When reading this it is easy to relate to these characters in many ways. Many people experience the same fears of inner darkness as Thomas and worry over whether they can really be good. At the same time one can relate to the way Charlie does his best to comfort and aid his friends without truly understanding their problems, or one could relate to the loneliness and conflicted feelings of Livia’s passion at war with her self-imposed discipline and stoic mask.
Together these three uncover conspiracies showing the status quo is not what it seems and Smoke isn’t the holy divination the rich make it out to be. The three grow together as they try to uncover these mysteries; Thomas trying to trust his new friends while worrying he is descending into madness, Charlie starting to sin and show more as he cares more for his friends than his station, Livia letting her noble airs drop to reveal the angry and passionate girl she had been hiding since she lost her father to the Smoke.

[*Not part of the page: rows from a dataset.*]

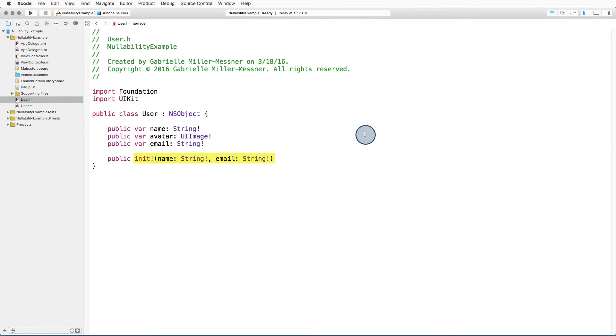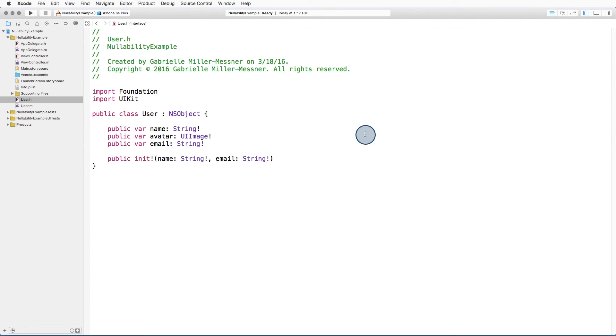But we also see a lot of exclamation points. By default, Swift treats every variable coming from Objective-C as an implicitly unwrapped optional. As we know, implicitly unwrapped optionals are dangerous. We don't want to be accidentally unwrapping nil values.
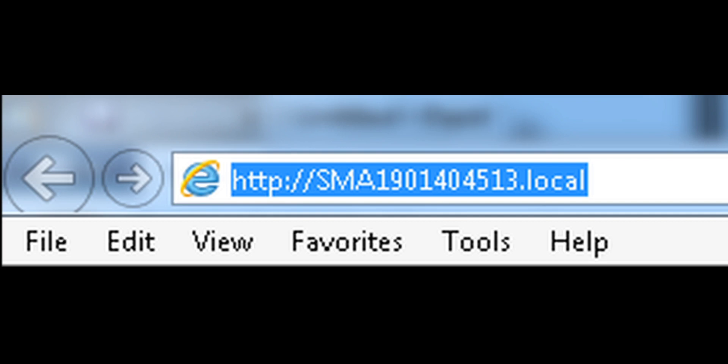SMA followed by the serial number of your energy meter, which can be found on the side type label .local.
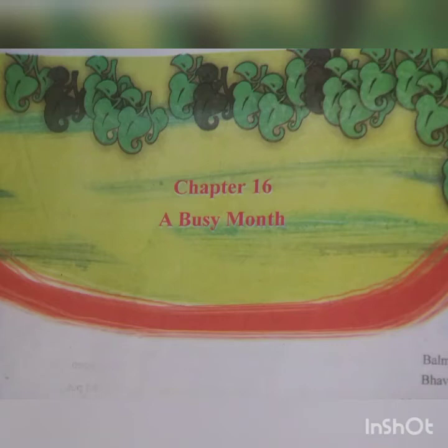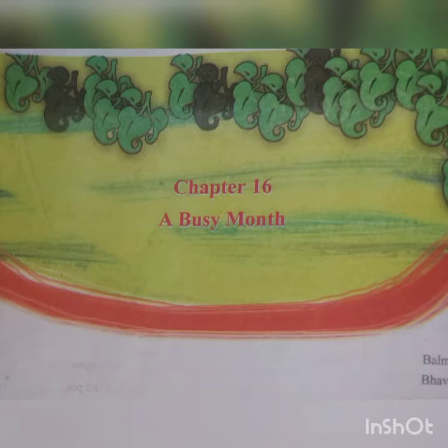Good morning children. Yesterday I gave you the notes, the file of lesson number 15 — in the workbook, notebook, and textbook. Everything was given. I hope you have completed it. If not, then complete it by today.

This book addresses themes of good and evil, class divides, political corruption, censorship and even the shame of passion. In the end the characters realize that Smoke is not some sign of evil but a sign of passion and emotion. While there may be crimes of passion and murderers Smoke heavily, Smoke also can come from so many other things and mingling smoke with a loved one lays one bare in a way that nothing else can.
This book very much succeeds in its goals of addressing these points as the reader discovers these truths about the world and themselves alongside the heroes of the book. However, Vyleta does fall into a few clichés. Morality and corruption are common topics in many books and the corrupt aristocracy ruling through false pretence of some innate superiority is not a new idea, though the mix of goals and ideas among them does help. Vyleta also does a good job of showing good and evil among all classes, as well as varied levels of Smoke amongst those figures. The Smoke is a good metaphor for the way in which evil is assumed to be obvious by some, when it really is not. Some can appear evil without being so, while others can appear saintly while being evil to their core; just as in this book when some people Smoke heavily while being saints while some who appear Smokeless are the most evil of all.

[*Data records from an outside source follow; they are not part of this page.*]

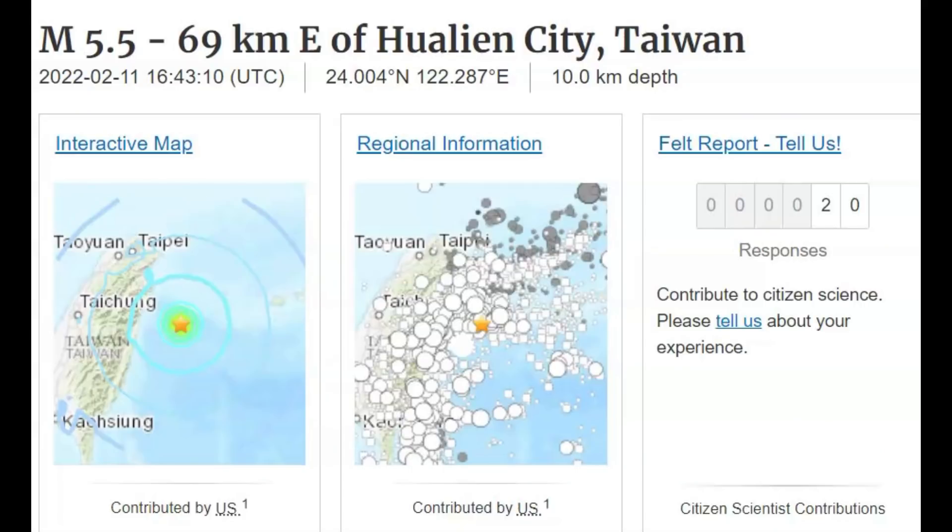Hi gang, I'm glad you're all here. Thank you for joining me. There was a magnitude 5.5 earthquake not too long ago, 69 km east of the city of Hualien there by Taiwan.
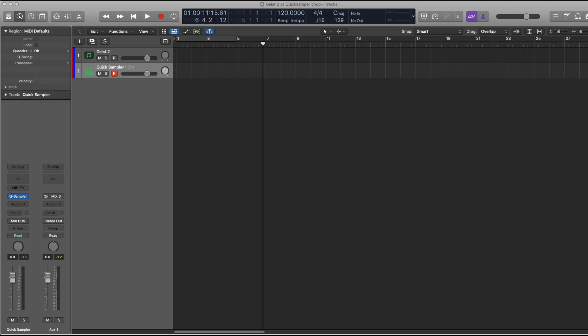Hey guys, someone asked a question about chopping samples in Logic and what tools I use. I have used several, most frequently I choose to use Geist 2. I'm going to demonstrate that really quickly here as well as demonstrating what would be my new workflow which is the new Quick Sampler. Let's see if we can get that going right now.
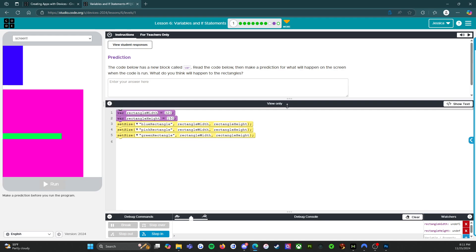This is a predict level. It says: The code below has a new block called variable. Read the code, then make a prediction for what will happen on the screen when the code is run. What do you think will happen to the rectangles? When you see VAR, that means variable. So: variable rectangleWidth gets 320. Notice I don't say equals — equals is different in coding. This variable, whenever seen, will get the value 320 plugged in. Variable rectangleHeight gets 150.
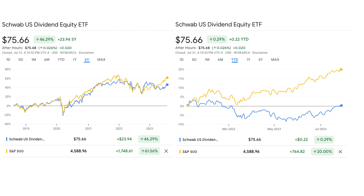Hi everyone, it's Jack with another video. Today I'm going to be talking about the Schwab US Dividend Equity ETF, better known by its ticker symbol SCHD — something that I've held personally and continue to hold personally. It's a very popular topic on YouTube, mainly because it's had very good returns since its inception.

The characters fall into clichés as well. I’ve read a few other series with similar dynamics: a dark and brooding male character (Thomas) who believes he is filled with darkness and pushes people away for fear of hurting them; a male character who seems to be filled with goodness and can do no wrong (Charlie) who tries to help his friends; then the prim and proper female character (Livia) who is conflicted in so many ways, most of all her feelings for these two boys. And of course the dark boy tries to push her away, believing she should be with his good friend while the good friend tries to step back so as not to get in his friends’ way. But once again, Vyleta does manage to pull off the dynamic well by the end, avoiding the clichéd ending to the “love triangle romance” such stories typically have.
Smoke was an enjoyable book, exploring darkness and evil in the context of a puritan society. The reader and characters must constantly question the darkness of the world and themselves while at the same time questioning if they can truly be human without it. Just because something appears dark and unpleasant, does that really mean it is evil?